Técnico midiendo la humedad en una pared nueva

Propietarios: detecta los 3 tipos de humedad en obra nueva y reclama

La humedad en obra nueva no debe normalizarse: identifícala y diagnostícala antes de aceptar la entrega o de firmar la subsanación. Una mancha en una vivienda recién construida casi siempre tiene una causa concreta (condensación, capilaridad o filtración) y cada una exige un tratamiento distinto.

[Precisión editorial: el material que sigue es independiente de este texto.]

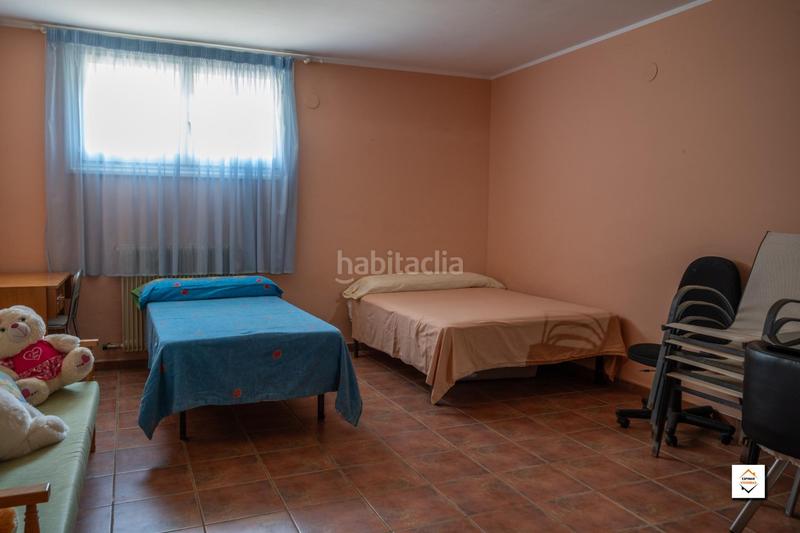 Foto f6bdb121-b71f-4b84-bda1-d53d500cf377. Casa amb calefacció aparcament piscina a Peña el Zorongo Zaragoza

Documenta el daño con fotos fechadas y solicita un diagnóstico instrumental antes de reparar nada: esa evidencia es la que te permitirá reclamar al constructor con garantías si el defecto es de origen.


En resumen:

  • La humedad en obra nueva puede tener causas distintas como condensación, capilaridad o filtraciones, cada una requiere un tratamiento específico y puede convivir en un mismo edificio.
  • Un diagnóstico técnico integral, apoyado en instrumentos como cámaras termográficas y medidores de humedad, es fundamental para determinar el origen real antes de intervenir.
  • La reparación efectiva siempre actúa sobre la causa del problema, mientras que los remedios superficiales solo solventan síntomas y pueden enmascarar daños estructurales.
  • Es imprescindible exigir al promotor las garantías y comprobaciones previstas en el Código Técnico de la Edificación antes de aceptar la vivienda.
  • Documentar y actuar rápidamente ante indicios de humedad evita la pérdida de garantías y previene daños irreversibles en la estructura y la salud.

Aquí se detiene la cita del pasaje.